Liberty Leading the People (Eugène Delacroix, 1830) is a famous example of nationalist art. Public domain.

Building on the investigative skills that learners have developed in each unit Investigation (an Investigation is essentially an extended DBQ), students are asked to gather evidence to support their views. I have students complete the activity independently and then I host a discussion about what similarities they found, and what evidence backs them up. Many highlight findings outlined in the teacher answer key, but some make even larger or more nuanced connections.

This is a great activity if you’re teaching BHP with a world history focus, because very quickly students see the common threads that tie many nationalist movements together.
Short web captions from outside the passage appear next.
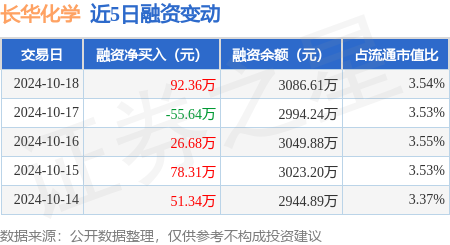 最好的股票操盤軟件 長華化學：10月18日融資買入317萬元，融資融券余額3089.87萬元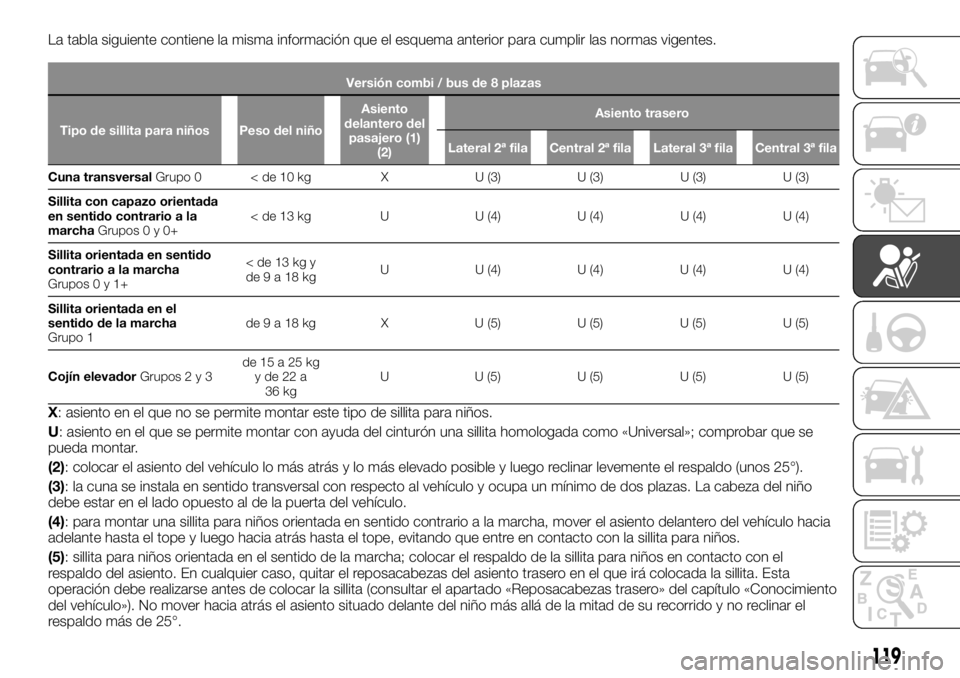 FIAT TALENTO 2020 Manual de Empleo y Cuidado (in Spanish) La tabla siguiente contiene la misma información que el esquema anterior para cumplir las normas vigentes.
Versión combi / bus de 8 plazas
Tipo de sillita para niños Peso del niñoAsiento
delantero FIAT TALENTO 2020 Manual de Empleo y Cuidado (in Spanish) La tabla siguiente contiene la misma información que el esquema anterior para cumplir las normas vigentes.
Versión combi / bus de 8 plazas
Tipo de sillita para niños Peso del niñoAsiento
delantero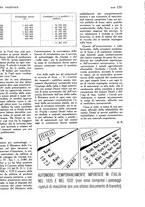 giornale/TO00183200/1933/v.2/00000145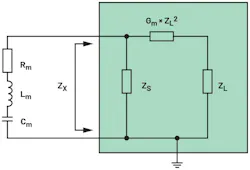 Impedance seen from the crystal Impedance seen from the crystal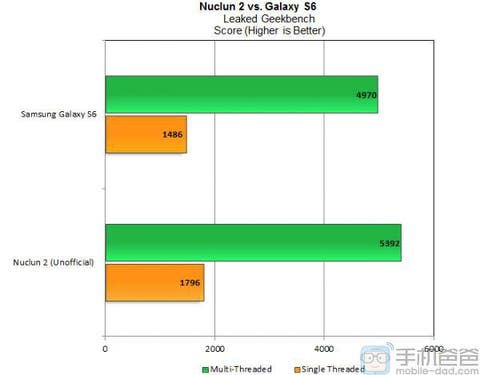 nuklun 2 vs exynos 7420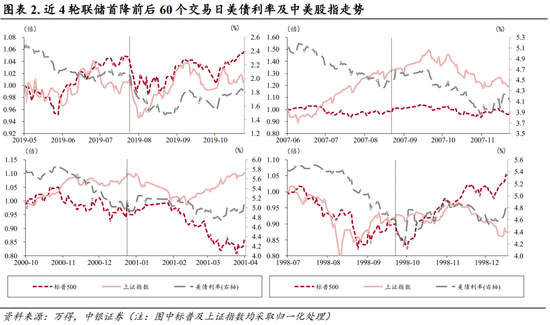 中銀策略：海外降息有望釋放A股壓力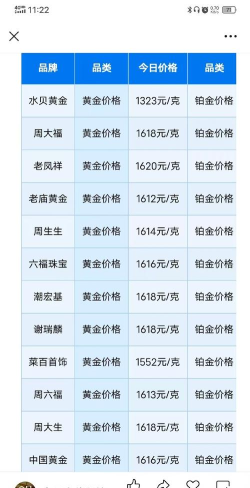 2026年04月22日莱音珠宝黄金最新价格多少元一克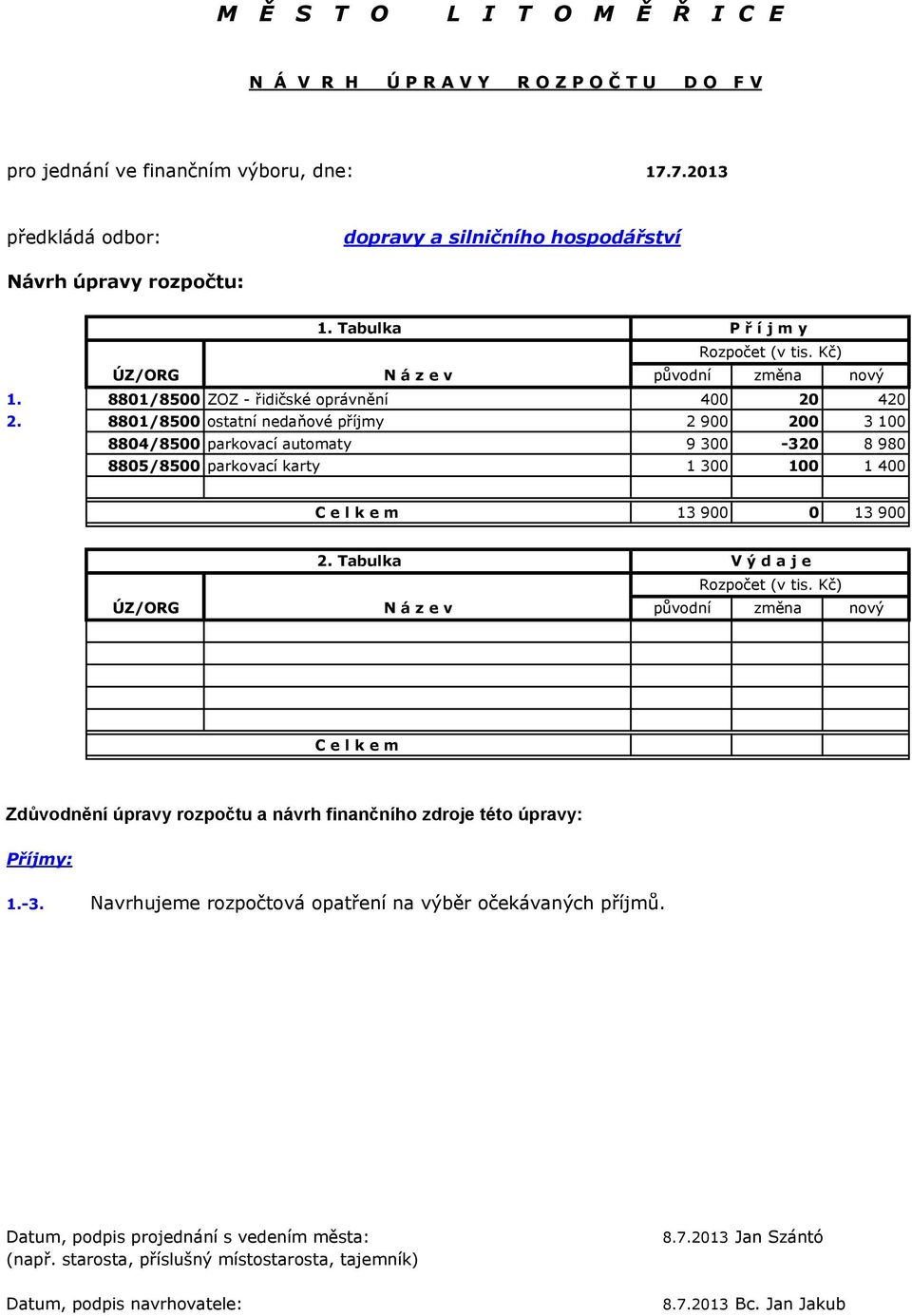 8801/8500 ostatní nedaňové příjmy 2 900 200 3 100 8804/8500 parkovací automaty 9 300-320 8 980 8805/8500 parkovací karty 1 300 100 1 400 C e l k e m 13 900 0 13 900 ÚZ/ORG 2.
If you’re teaching a semester course, like me, this is a great place to discuss how historians must exercise caution when interpreting events to make valuable connections. I’m happy to answer any questions you might have about this activity in BHP’s Online Teacher Community!

About the author: Angelina Kreger is a veteran high school history teacher and instructional coach in Novi, MI. She has five years’ experience teaching Big History to twelfth graders in a semester-long format.

¹ This lesson was adapted from a lesson by Lauren Harris and Tamara Schreiner in World History For Us All[]

One thought on “Forming the Concept of Nationalism

  1. Hello–it seems to me that this lesson is plagiarized (same source excerpts used, same prompts) with minor changes from the following:

    McArthur Harris, Lauren, and Tamara L. Shreiner. “Why Can’t We Just Look it Up? Using Concept Formation Lessons to Teach Global Connections and Local Cases in World History.” World History Connected 11.2 (2014). Web. 24 June 2015.

    All teachers can and should borrow and adapt quality materials; the world history community especially has a great culture of exchange. But you should cite them. It’s important for teachers to model proper source use.